Give again, word for word, every line in the entries below from the line with "retrato do moda" up to and including the line with "A canal in a foggy city with boats on it", and no other line.
-=-=-=-=-
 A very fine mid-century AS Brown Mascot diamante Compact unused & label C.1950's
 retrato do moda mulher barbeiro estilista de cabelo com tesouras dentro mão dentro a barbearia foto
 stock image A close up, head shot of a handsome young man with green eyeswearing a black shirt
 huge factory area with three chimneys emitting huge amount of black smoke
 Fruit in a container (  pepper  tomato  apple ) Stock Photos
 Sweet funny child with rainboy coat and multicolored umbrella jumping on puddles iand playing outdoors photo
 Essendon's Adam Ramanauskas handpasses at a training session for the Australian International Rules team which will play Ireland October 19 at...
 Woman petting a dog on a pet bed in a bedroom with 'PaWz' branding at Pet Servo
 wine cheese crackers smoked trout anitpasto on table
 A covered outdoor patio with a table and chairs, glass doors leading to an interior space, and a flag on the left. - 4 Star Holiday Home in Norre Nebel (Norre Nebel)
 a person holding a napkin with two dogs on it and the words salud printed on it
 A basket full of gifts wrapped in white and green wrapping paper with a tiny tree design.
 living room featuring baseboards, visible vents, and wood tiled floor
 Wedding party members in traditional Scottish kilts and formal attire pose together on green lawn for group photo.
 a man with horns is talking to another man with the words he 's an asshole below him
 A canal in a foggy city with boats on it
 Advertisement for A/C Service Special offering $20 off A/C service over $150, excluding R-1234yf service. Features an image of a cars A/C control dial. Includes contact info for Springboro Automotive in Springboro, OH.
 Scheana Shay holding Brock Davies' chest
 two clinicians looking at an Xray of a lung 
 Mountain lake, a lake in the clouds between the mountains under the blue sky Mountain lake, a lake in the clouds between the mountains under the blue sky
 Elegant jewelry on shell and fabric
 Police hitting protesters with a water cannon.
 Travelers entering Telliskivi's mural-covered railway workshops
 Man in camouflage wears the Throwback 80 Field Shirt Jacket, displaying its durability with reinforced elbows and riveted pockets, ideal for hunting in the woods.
-=-=-=-=-
Written response =
 retrato do moda mulher barbeiro estilista de cabelo com tesouras dentro mão dentro a barbearia foto
 stock image A close up, head shot of a handsome young man with green eyeswearing a black shirt
 huge factory area with three chimneys emitting huge amount of black smoke
 Fruit in a container (  pepper  tomato  apple ) Stock Photos
 Sweet funny child with rainboy coat and multicolored umbrella jumping on puddles iand playing outdoors photo
 Essendon's Adam Ramanauskas handpasses at a training session for the Australian International Rules team which will play Ireland October 19 at...
 Woman petting a dog on a pet bed in a bedroom with 'PaWz' branding at Pet Servo
 wine cheese crackers smoked trout anitpasto on table
 A covered outdoor patio with a table and chairs, glass doors leading to an interior space, and a flag on the left. - 4 Star Holiday Home in Norre Nebel (Norre Nebel)
 a person holding a napkin with two dogs on it and the words salud printed on it
 A basket full of gifts wrapped in white and green wrapping paper with a tiny tree design.
 living room featuring baseboards, visible vents, and wood tiled floor
 Wedding party members in traditional Scottish kilts and formal attire pose together on green lawn for group photo.
 a man with horns is talking to another man with the words he 's an asshole below him
 A canal in a foggy city with boats on it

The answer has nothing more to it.